Drop every picture and give the entries back exactly.
________________________________________
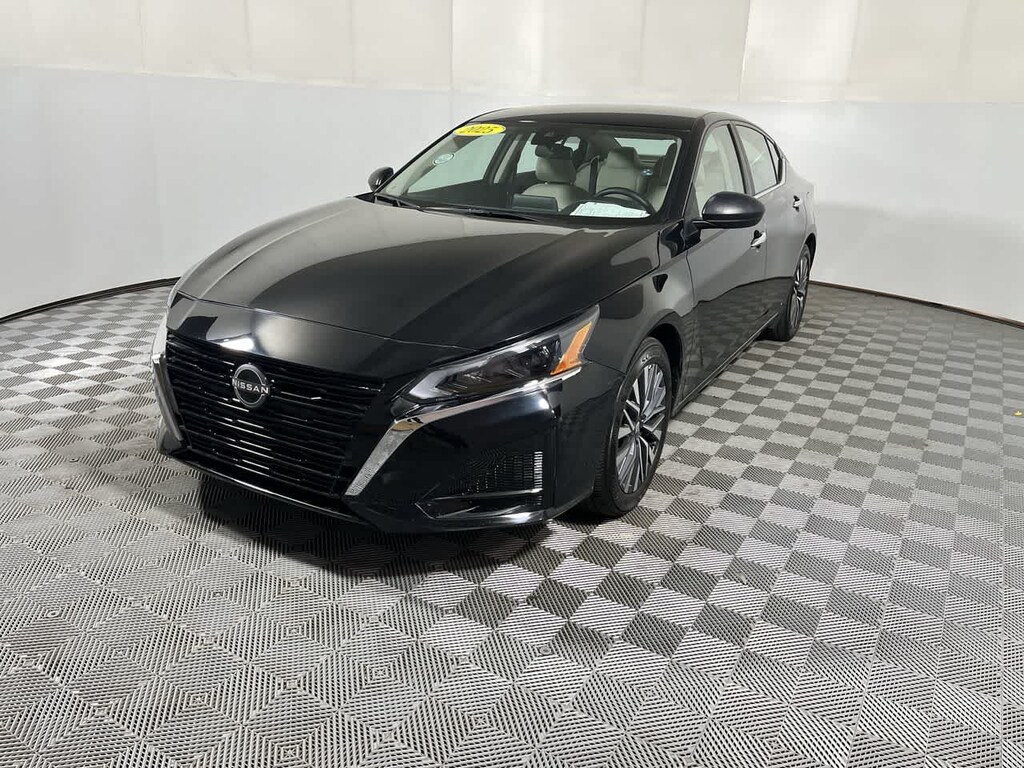 Used 2025 Nissan Altima SV Sedan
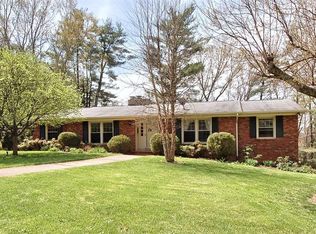 60 W Fox Chase Rd, Asheville, NC 28804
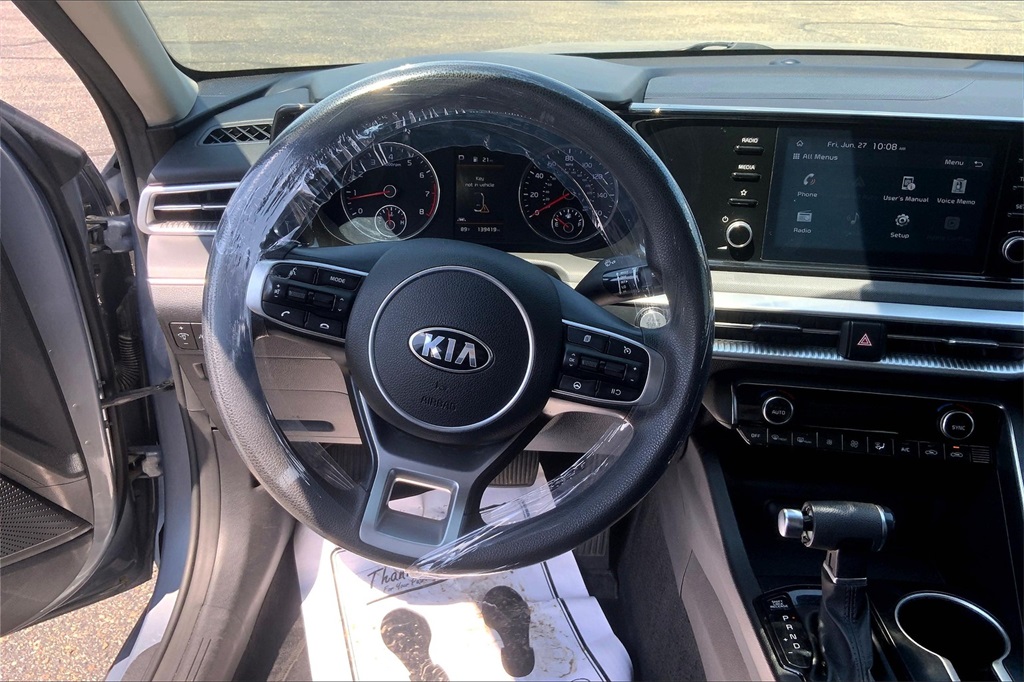 2021 Kia K5 LXS photo 4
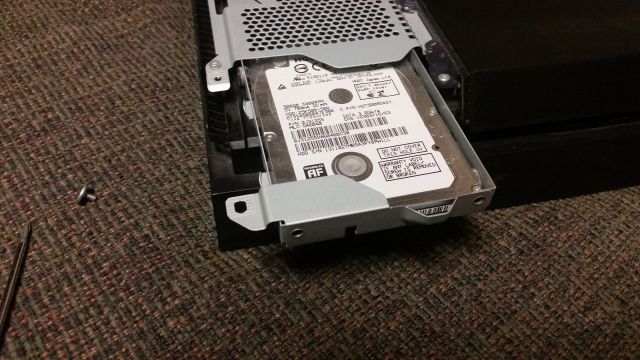 /nl/images/06-PS4-HDD-Pulled-Out.jpg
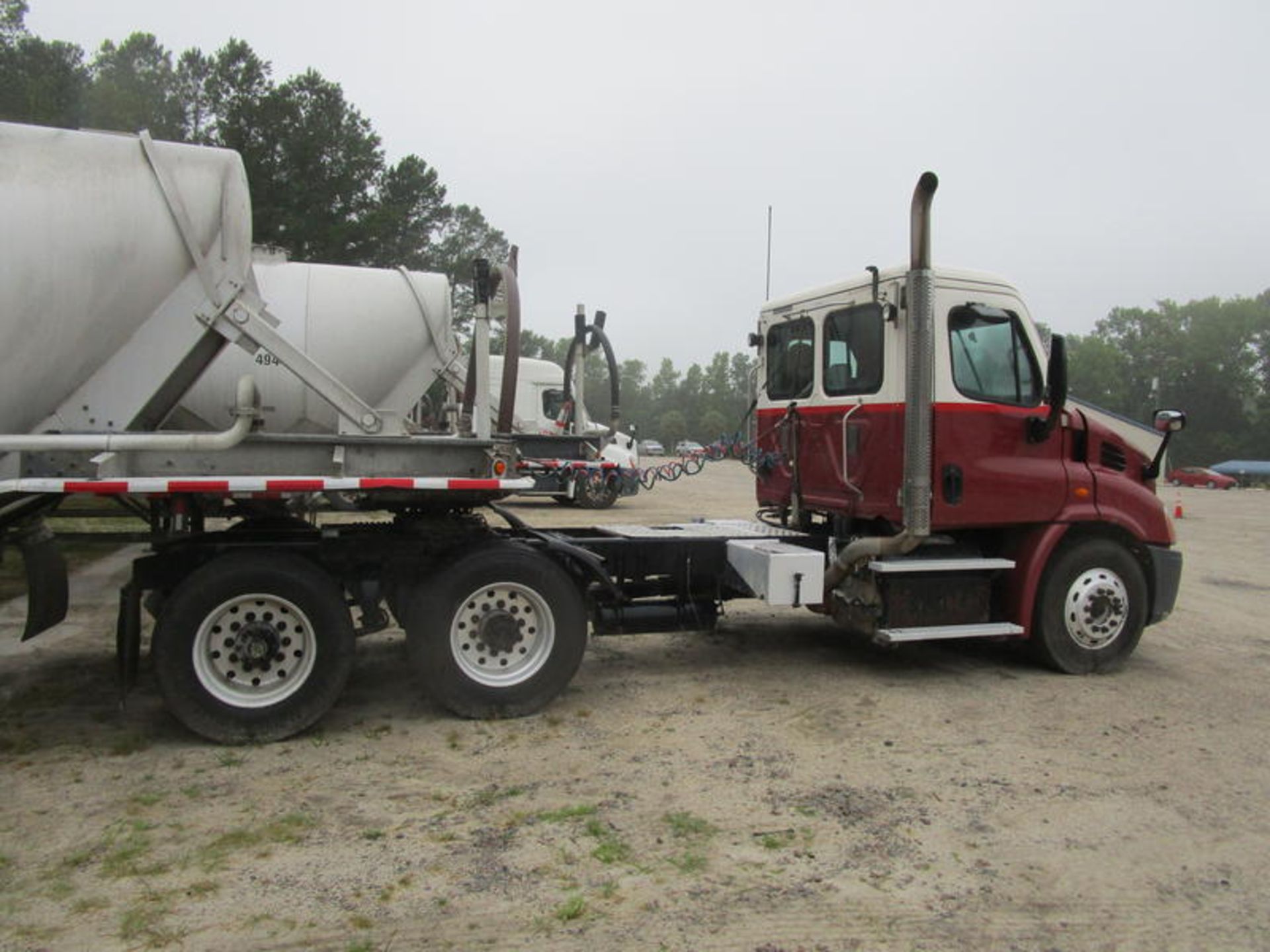 2015 Freightliner CA113DC - Image 17 of 34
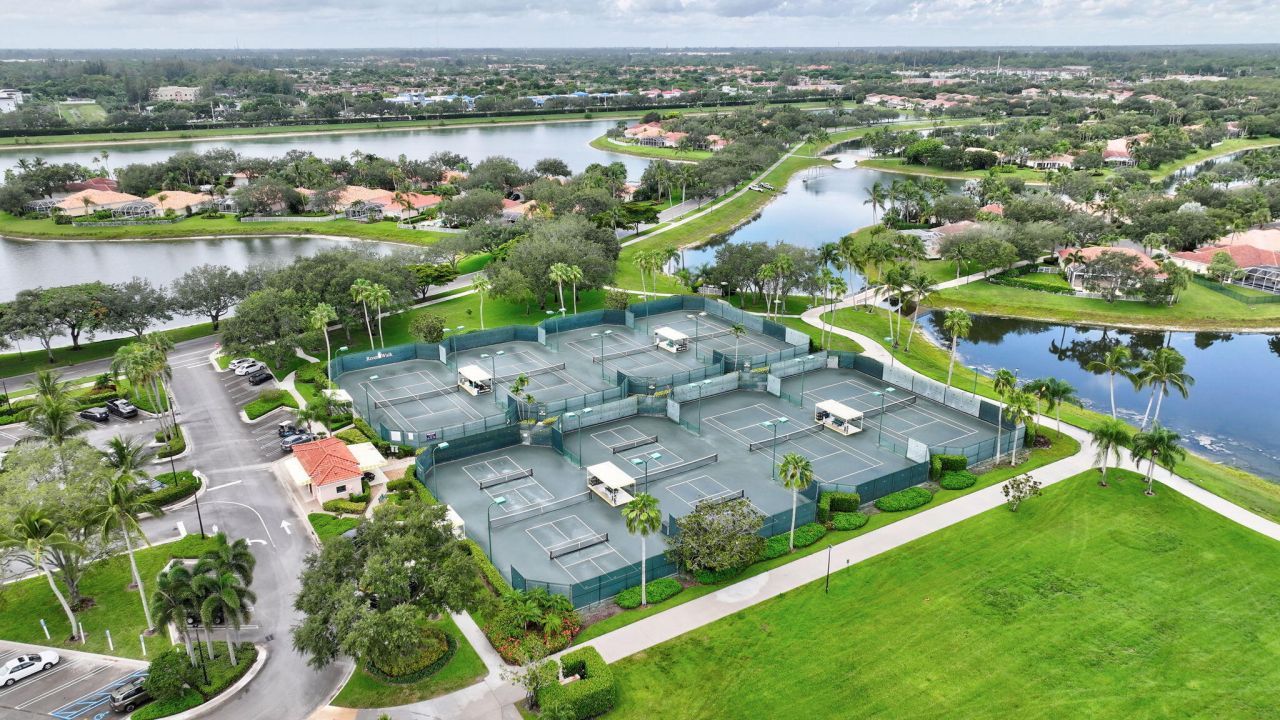 2141 Tigris Drive, West Palm Beach, FL 33411 Photo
________________________________________
_Response box_
 Used 2025 Nissan Altima SV Sedan
 60 W Fox Chase Rd, Asheville, NC 28804
 2021 Kia K5 LXS photo 4
 /nl/images/06-PS4-HDD-Pulled-Out.jpg
 2015 Freightliner CA113DC - Image 17 of 34
 2141 Tigris Drive, West Palm Beach, FL 33411 Photo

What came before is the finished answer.